JUAN CARLOS NAVARRO BENAVIDES, Appellant
V.
THE STATE OF TEXAS, Appellee
.............................................................
On Appeal from the 203rd Judicial District Court
Dallas County, Texas
Trial Court Cause No. F08-60424-P
.............................................................
OPINION
Before Justices Bridges, FitzGerald, and Lang
Opinion By Justice Lang
 
Juan Carlos Navarro Benavides appeals the trial court's judgment
convicting him of murder. The jury assessed punishment of life
imprisonment. Benavides raises two issues on appeal: (1) the trial court
erred by admitting into evidence an eyewitness's statements that were
irrelevant and unfairly prejudicial, and (2) the trial court erred by
failing to properly instruct the jury regarding the requirements of
accomplice testimony. We decide against Benavides on both issues. The
trial court's judgment is affirmed.
 
I. FACTUAL AND PROCEDURAL BACKGROUND
 
During the early morning hours of August 30, 2008, Sergio
Alanis, Jessie Ortiz, and Benavides were walking from the El Sandia bar
to Alanis's car, parked in the bar's parking lot. While in the parking
lot, Alanis was stabbed and died as a result of his injuries. Ortiz and
Benavides were charged with Alanis's murder.

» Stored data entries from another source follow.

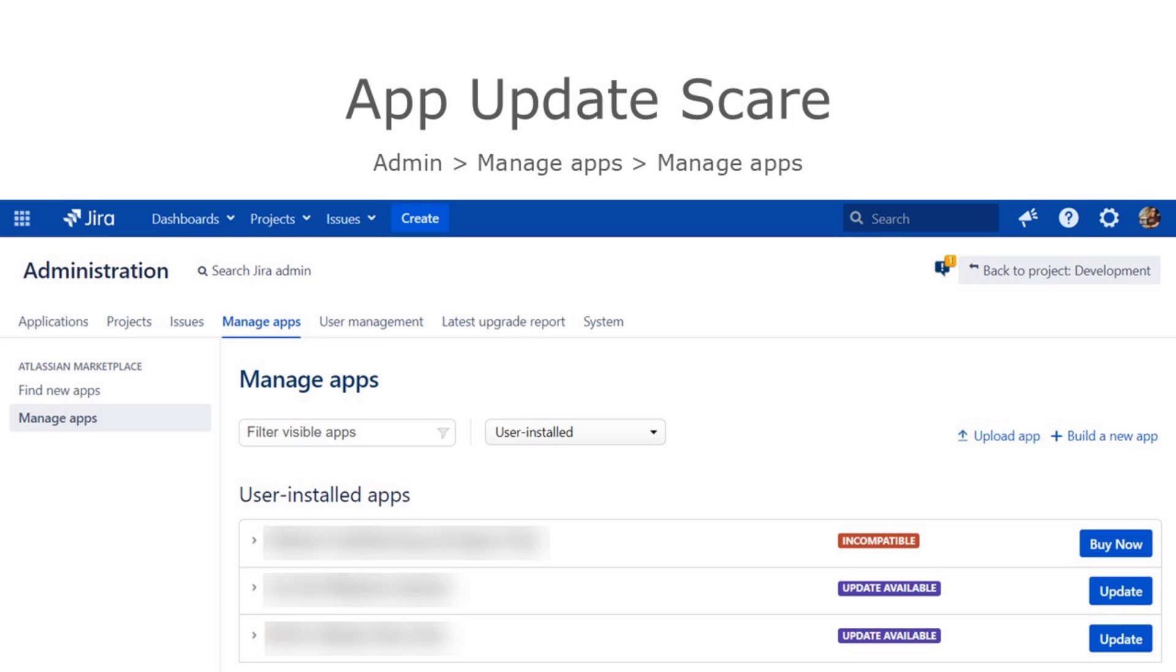Instead, it immediately installed an unlicensed version of the new plugin code. I was inundated by reports of license errors from users, and the workflows using the app features all broke.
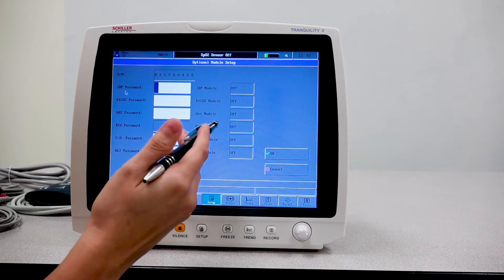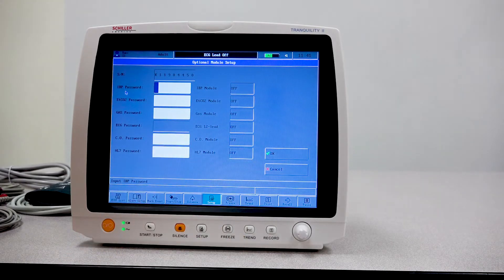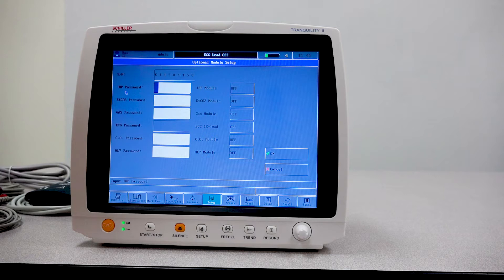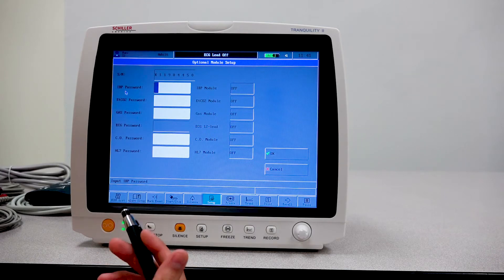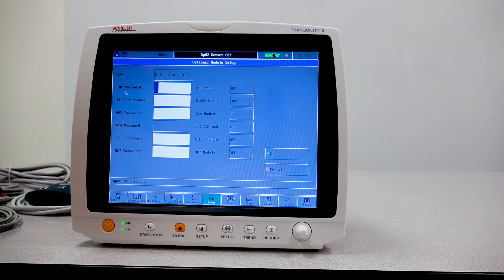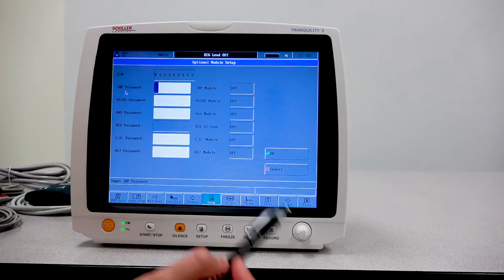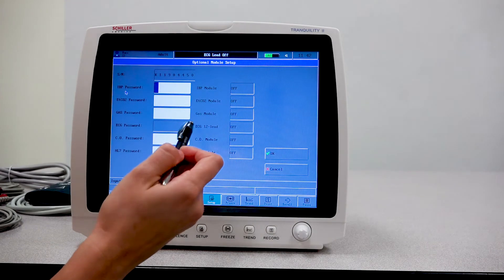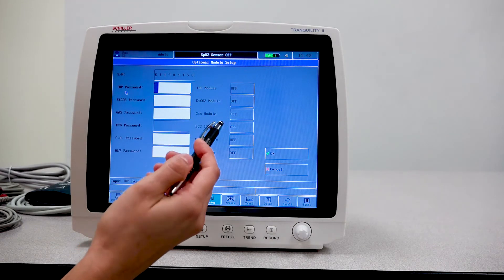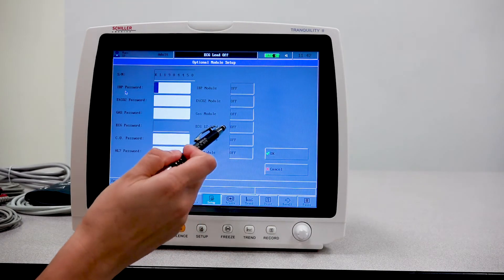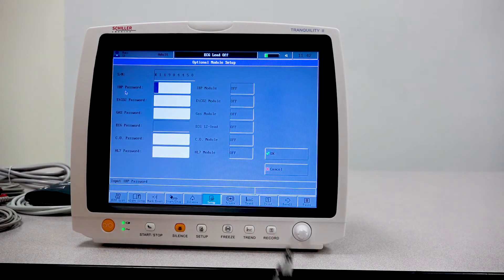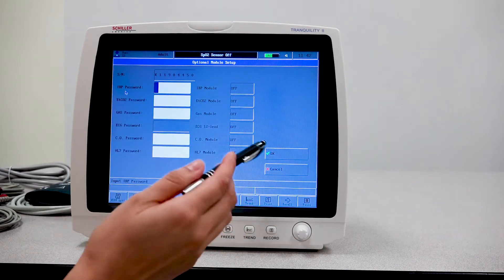One thing that I wanted to point out that is kind of important: this unit is actually capable of doing up to a 12 lead patient cable. But in order to have this available, this needs to be ordered with this option. If you try to change it after you have received your unit, that's not going to be available. You only have the ability to select the three or the five lead. So if you do want 12 lead ECG abilities, just be sure to let that be known prior to ordering the unit.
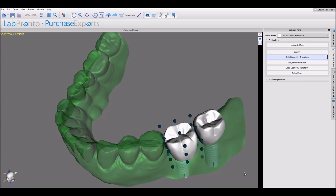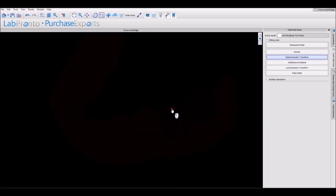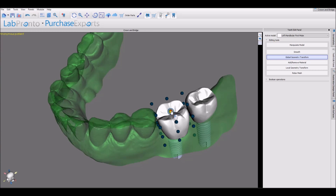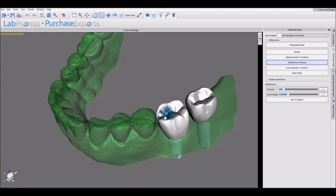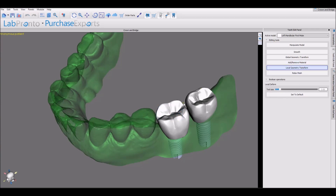Global Geometry Transform: you can grab any of the nodes to stretch and transform the tooth. Hold down the Shift key to add material using the left mouse button, and Control plus left mouse button removes material. Local Geometry Transform: you can grab any spot on the tooth and drag it to design the tooth accordingly. You can control the tool size using the slider.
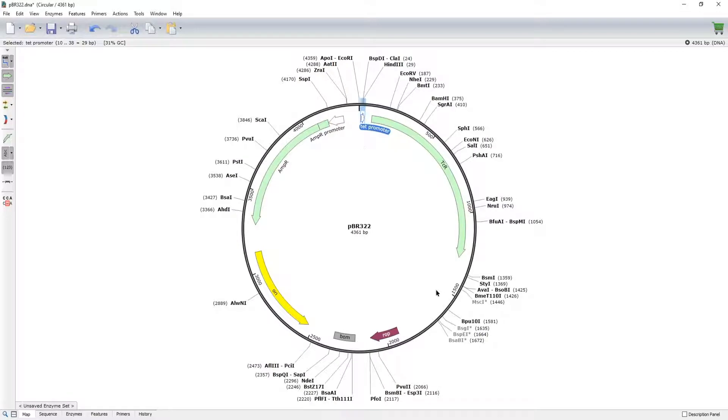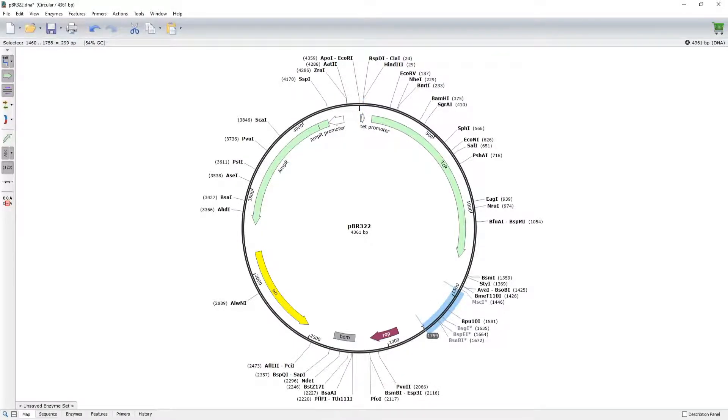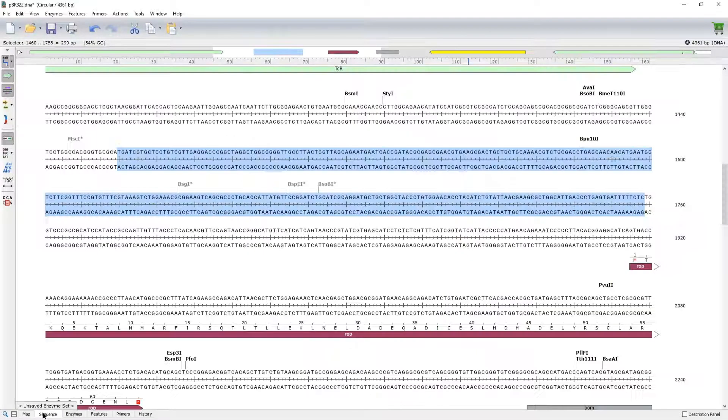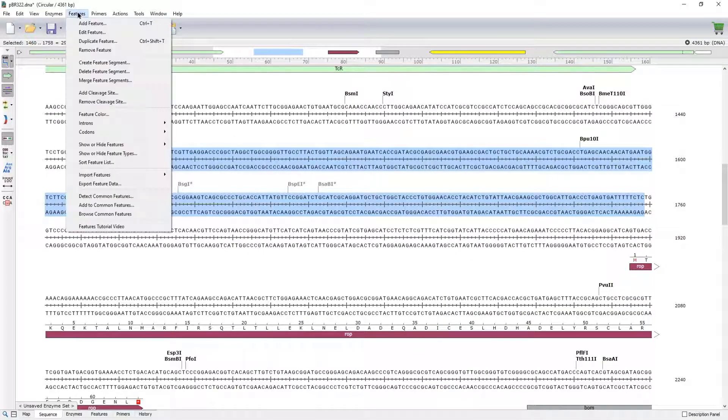You can also create new features by highlighting the relevant area on the plasmid map or the sequence view, and choosing Add Feature.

On August 31, 2008, Benavides telephoned his estranged sister
 
and told her he needed to retrieve a bag because it contained evidence
that he was in a fight the night before. That same day, Benavides
telephoned his sister-in-law and requested that she give him money so he
could buy a bus ticket and travel to Houston. His sister-in-law
testified at trial that he needed to leave town because he had been in a
fight the previous night. When she questioned him about the fight,
Benavides told her that he “sent somebody to the hospital.”
When police questioned Benavides, he denied being at the El
Sandia bar on the night of the offense.
Margaret Ingram, an acquaintance of Ortiz, testified that, at
the time of the offense, she was in another person's car in the El
Sandia parking lot and saw Ortiz hit Alanis over the head. Then, Ingram
said she saw Benavides stab Alanis. A few days after the offense, police
interviewed Ingram where she was shown a photographic lineup of six
individuals and was asked if she recognized anyone in the lineup. Ingram
made a positive identification of the photo of Benavides as being a
picture of the individual that stabbed Alanis and also told the officer
Benavides would kill her for identifying him. At the officer's request,
Ingram wrote down the comments she had made to the officer. She wrote:
“Thats [sic] Carlos. he looks to [sic] skinny his hair is long. He will
kill me.” The interview was also videotaped.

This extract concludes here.